**HOW TO COMPLETE THIS TASK:**
If pictures appear among the lines below, leave them out while you return exactly the lines from the one with "Pay year-to-date balances" through the one with "The first one".

**THE INPUT:**
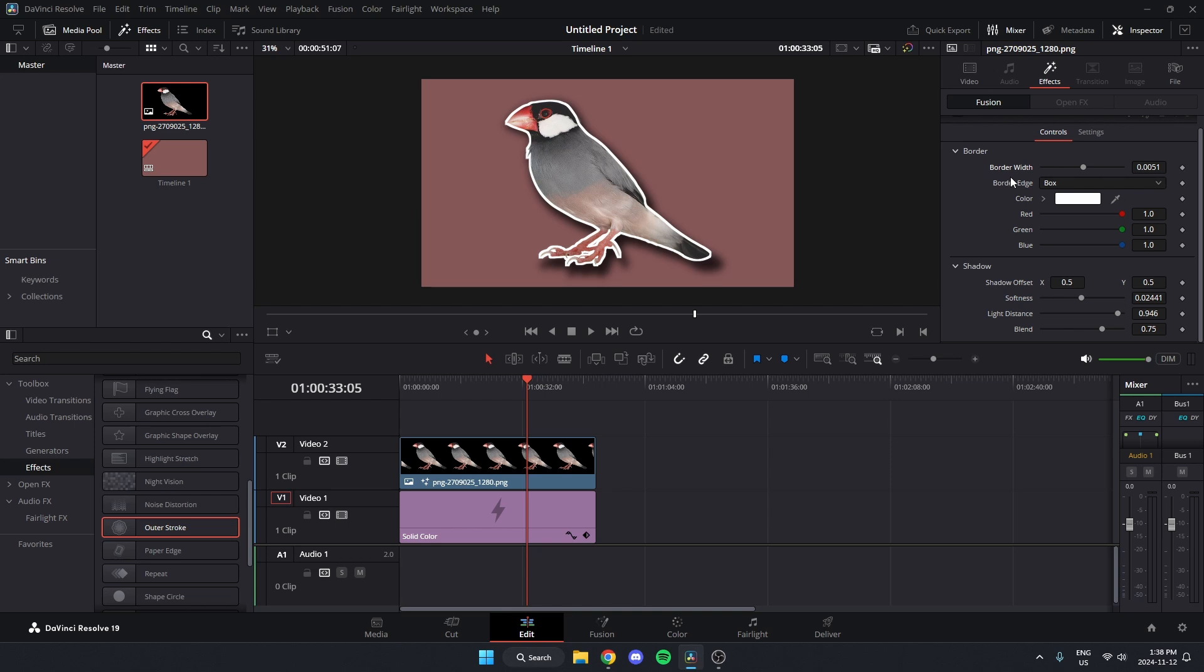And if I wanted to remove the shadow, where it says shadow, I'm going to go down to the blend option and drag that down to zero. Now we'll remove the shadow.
* * *
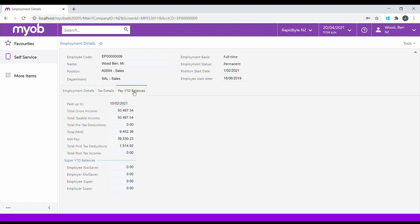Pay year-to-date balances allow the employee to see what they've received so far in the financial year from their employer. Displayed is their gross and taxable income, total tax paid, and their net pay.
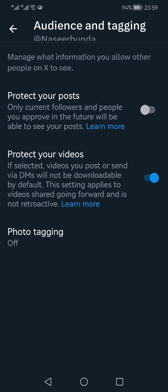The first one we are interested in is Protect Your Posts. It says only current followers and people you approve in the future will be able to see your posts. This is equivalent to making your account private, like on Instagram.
==
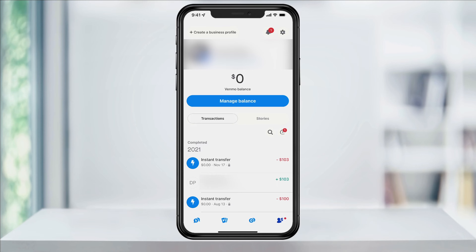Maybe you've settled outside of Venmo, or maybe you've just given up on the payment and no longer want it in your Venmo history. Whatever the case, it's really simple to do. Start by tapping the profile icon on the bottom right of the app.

**ANSWER TO THE EXERCISE:**
Pay year-to-date balances allow the employee to see what they've received so far in the financial year from their employer. Displayed is their gross and taxable income, total tax paid, and their net pay.
The first one we are interested in is Protect Your Posts. It says only current followers and people you approve in the future will be able to see your posts. This is equivalent to making your account private, like on Instagram.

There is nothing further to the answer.